Exercise: Without the pictures, write the listing below out again, line for line.

Data below:
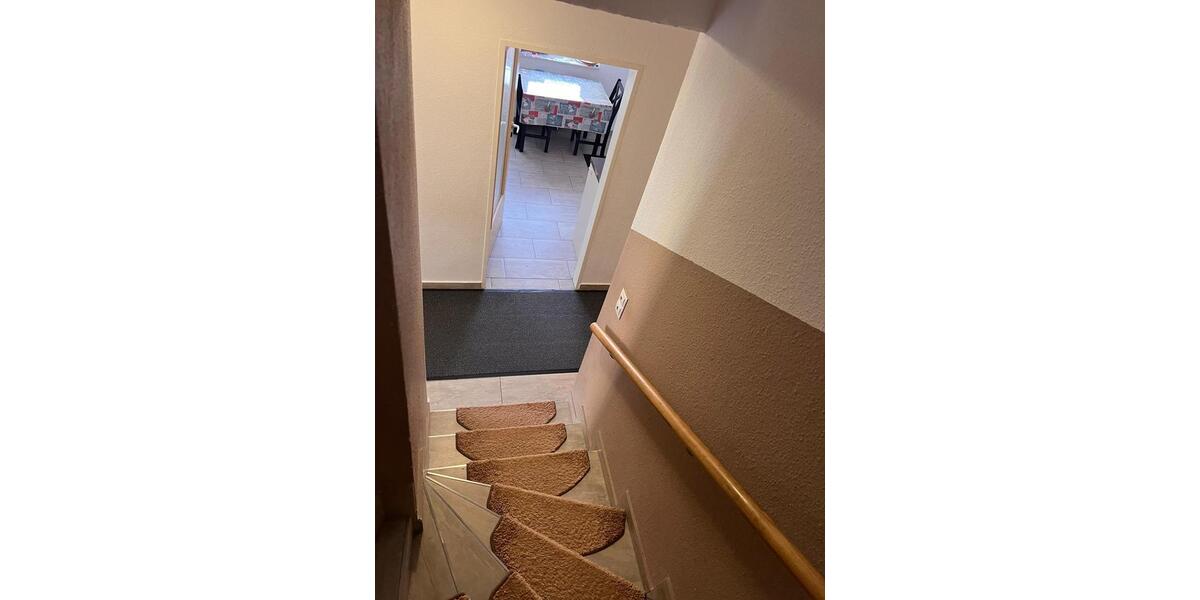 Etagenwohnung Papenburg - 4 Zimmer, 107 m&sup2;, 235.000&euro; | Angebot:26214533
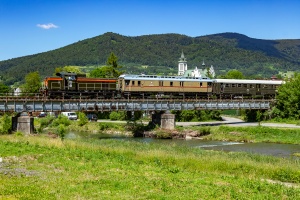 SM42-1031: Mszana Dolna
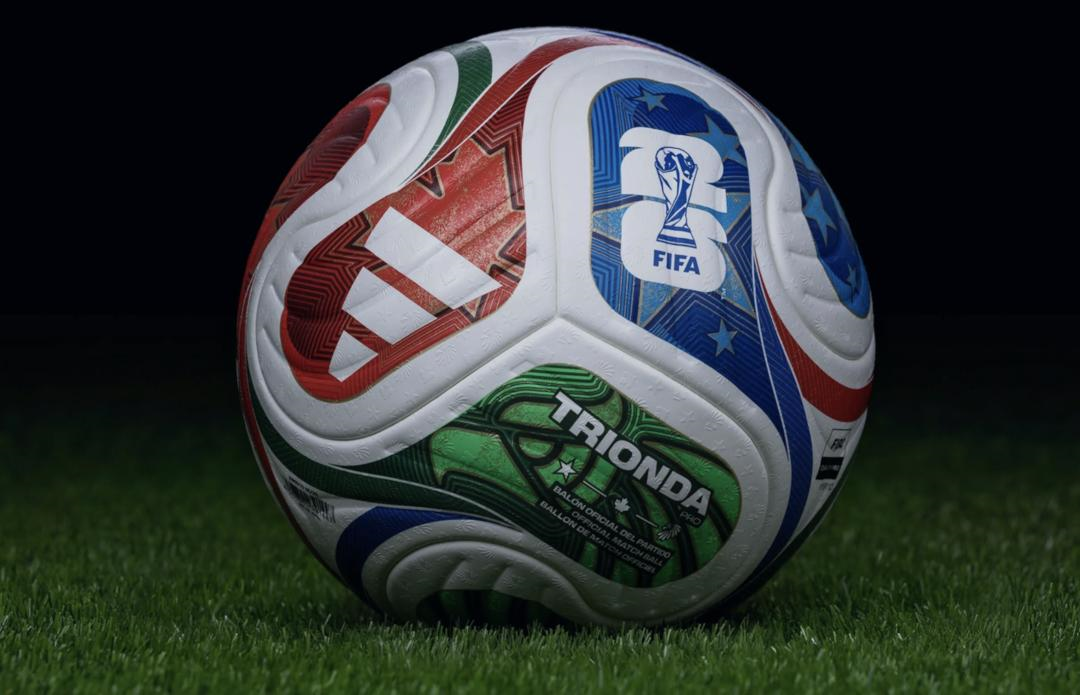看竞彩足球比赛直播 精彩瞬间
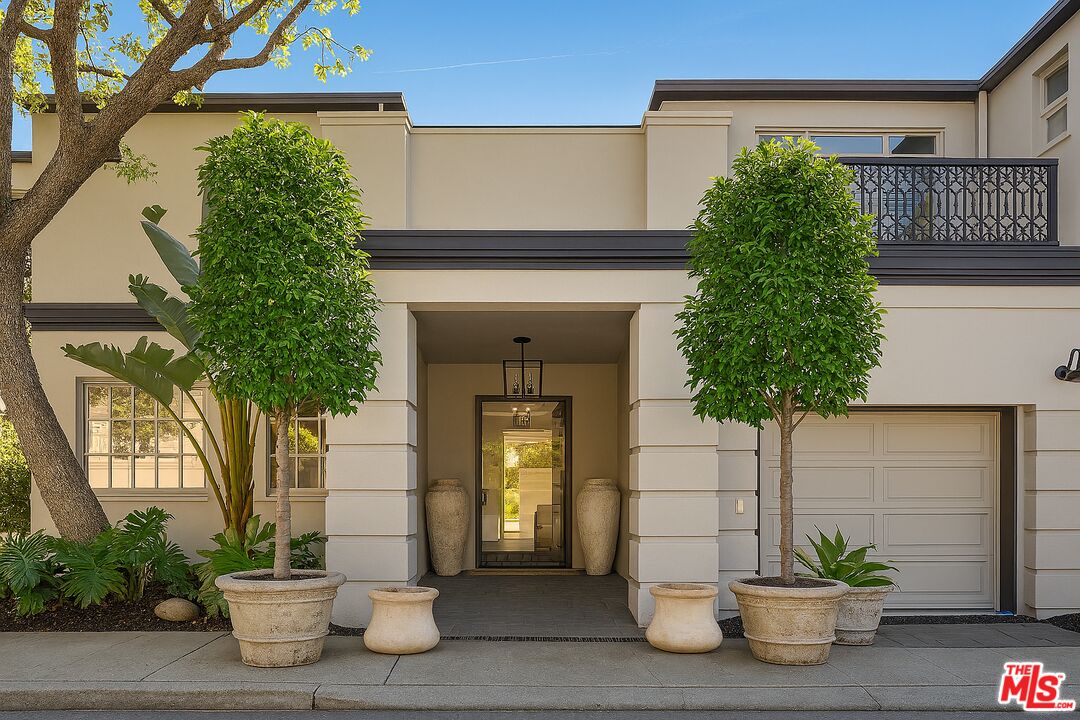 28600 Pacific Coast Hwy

Response area:
 Etagenwohnung Papenburg - 4 Zimmer, 107 m&sup2;, 235.000&euro; | Angebot:26214533
 SM42-1031: Mszana Dolna
看竞彩足球比赛直播 精彩瞬间
 28600 Pacific Coast Hwy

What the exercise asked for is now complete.